Chamberlain always loved tinkering with things. He had all this scrap material in the studio, and he said, “Wow, I can start manipulating this.” The pieces really vary: some of them have more glaze and some of them don’t, but you can see the evolution over 20 years. He kept coming back to this series; it was something he just loved. They’re fun and playful.
Chamberlain defied expectations, norms, and conventions. He challenged the status quo, and wasn’t afraid to reimagine what could be, to think in a bold way. You can see this in how he revolutionized sculpture, changing what the meaning of art is and what it would become. You can see this when he would dream up making 20, 30, 40-foot sculptures, ignoring the engineering obstacles and challenges that lay ahead and making the impossible a reality. And you can see this with the “Baby Tycoons,” capturing all the punch and power of the monumental works on a smaller scale. As Chamberlain explained, “If the scale is dealt with, then size has nothing to do with it.” In fact, he would often tell me he wanted you to be able to take a photo of his work and not be able to tell what the size is—an objective I think he achieved here. With the “Baby Tycoons,” you can get up close and really see the fit and how the pieces are assembled. Chamberlain hated it when his pieces were shoved against the wall, so it’s beautiful that you can walk around them 360 degrees.

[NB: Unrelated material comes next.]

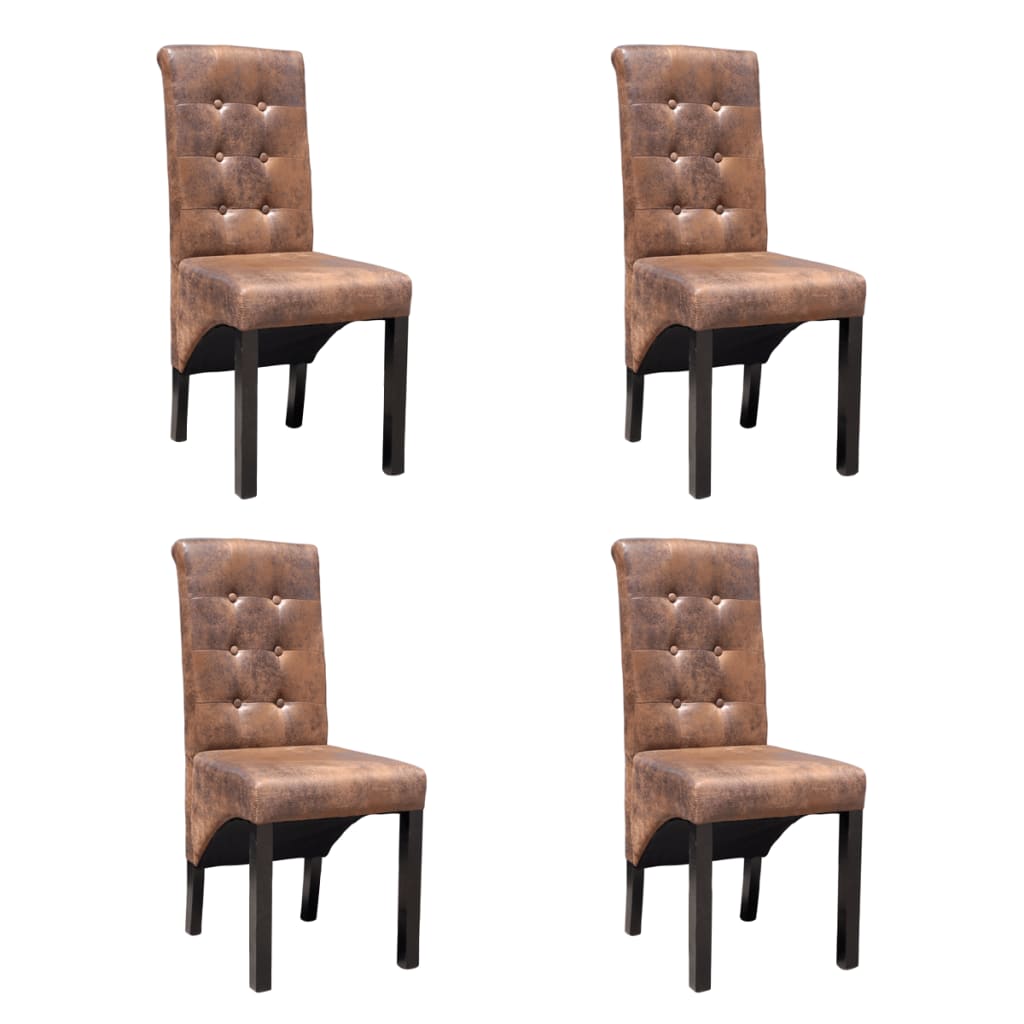 vidaXL Spisestoler 4 stk brun kunstlær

Chamberlain didn’t want to be known as a one-medium artist. This is why his work often defies categorization, whether it is Abstract Expressionism or Pop Art or Minimalism. While he is known for his metal sculptures, he also made sculptures out of aluminum foil, foam, and Plexiglas; he made paintings and drawings and was an avid filmmaker and photographer, even experimenting with photographic manipulations on the computer. When he heard Schubert for the first time, at age 12, he cried, and he knew he wanted to be an artist, to go out into the world and make your heart beat. He felt that art was the presentation of unprecedented information and the last place for an individual’s self-discovery.
One thing I love about them, both the large-scale works and the small, is that you can see how they are resting on just three points—it’s so much weight but on these tiny points, like they’re dancing. It’s so strong but also delicate. You can see that in the big works, but I think it’s easier to see in the “Baby Tycoons,” up close. I wish I knew where the series title came from. Chamberlain always had the best titles for everything. He was just a wordsmith—he wanted to be a poet when he was at Black Mountain, and he would take words from the dictionary and just lay them out, seeing how they looked together, how they sounded, trying to combine them, taking out syllables.